But a different old reliable could be in the mix, too. Former national team star and later manager Paulo Wanchope was hired as part of Vivas’ staff and is staying on with the federation. He could coach the team in an interim capacity if there are friendly matches outside the FIFA dates.
What about that other Gold Cup slot?
So, we have the four winners of the Nations League quarterfinals (Canada, U.S., Mexico and Panama) in the Gold Cup plus the four winners of the League B groups (El Salvador, Curacao, Haiti, Dominican Republic). That gives us eight teams plus seven winners from the prelims makes 15.
So, who is going to fill that last slot?
We know Concacaf is going to invite a guest. For a long time, we had assumed it would be Saudi Arabia.
The previous guest team was Qatar, something facilitated in no small part thanks to the sponsorship deal that saw Qatar Airways become an official Concacaf Nations League partner. Now, Riyadh Air is the confederation’s “official airline partner” and Concacaf announced a partnership with the Saudi Public Investment Fund at the same time it announced the airline switch.
Yet, it’s not a great time for Saudi Arabia to go touring.
After disappointing World Cup qualification results, the Green Falcons sent Roberto Mancini packing and turned back to French manager Hervé Renard.
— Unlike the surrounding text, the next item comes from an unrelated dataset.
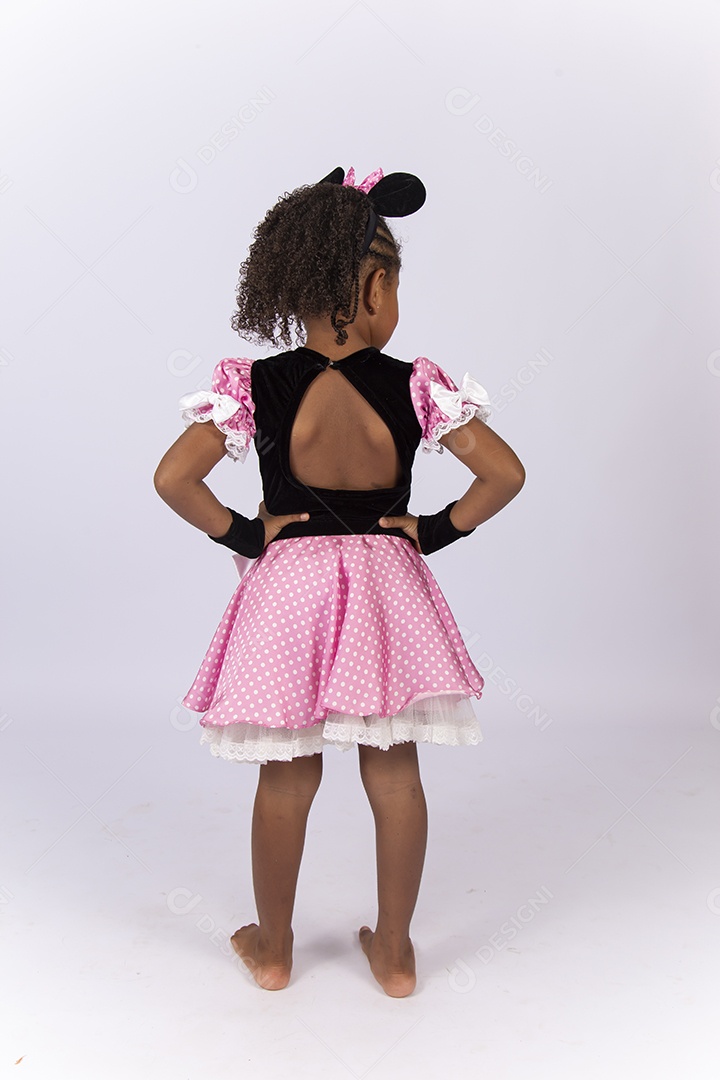 Linda menina fantasiada da personagem Minnie sobre um fundo isolado branco.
But the switch didn’t produce results, with Saudi Arabia drawing Australia, then falling to Indonesia in the November window.
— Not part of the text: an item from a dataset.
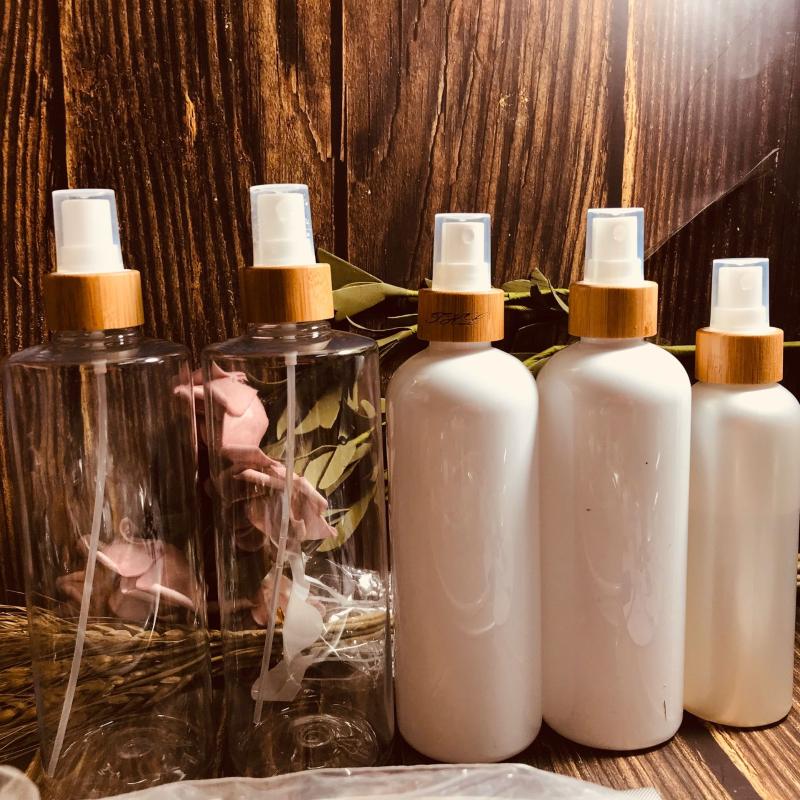 

10pcs 250ml 300ml 400ml 500ml Cosmetic bamboo shampoo bottle clear white skin care cream plastic bottle bamboo disc cap flip top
Direct qualification to the 2026 World Cup by clinching a top spot is still within Renard and Co’s grasp, but there will be big pressure on in the last two windows to avoid slipping into the bottom two of the group and ending the World Cup dream there.
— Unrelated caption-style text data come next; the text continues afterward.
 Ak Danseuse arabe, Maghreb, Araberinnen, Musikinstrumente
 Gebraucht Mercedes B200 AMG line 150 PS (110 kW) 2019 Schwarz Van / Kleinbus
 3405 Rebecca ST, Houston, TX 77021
No matter what happens, Saudi Arabia will have a June 10 match against Australia. The Gold Cup kicks off four days later.
Even if they play the final day of group play, it’d be just a week after either clinching a World Cup berth, learning they’ll need to play another four matches to try to get in, or after tasting the bitter sting of third-round elimination.
That doesn’t seem like a team that needs a Gold Cup. Then again, sporting reasons aren’t the primary motivations for the presence of guest teams.
Wikipedia has unsourced wild speculation that it could be Spain, which would certainly be a different level of guest than the ones who have been invited in the last several tournaments. I suppose it could be crafted as a dry run for 2026 since both tournaments will be in the United States, but I’m not sure the Euro champion wants to tour the Western U.S. for a month this summer.
Other teams could be available that would both encourage ticket sales and provide a decent competitive test, but does a South American team want to come right back to the U.S. after the 2024 Copa América experience?
Concacaf wouldn’t comment about any invites being sent when I reached out earlier this month.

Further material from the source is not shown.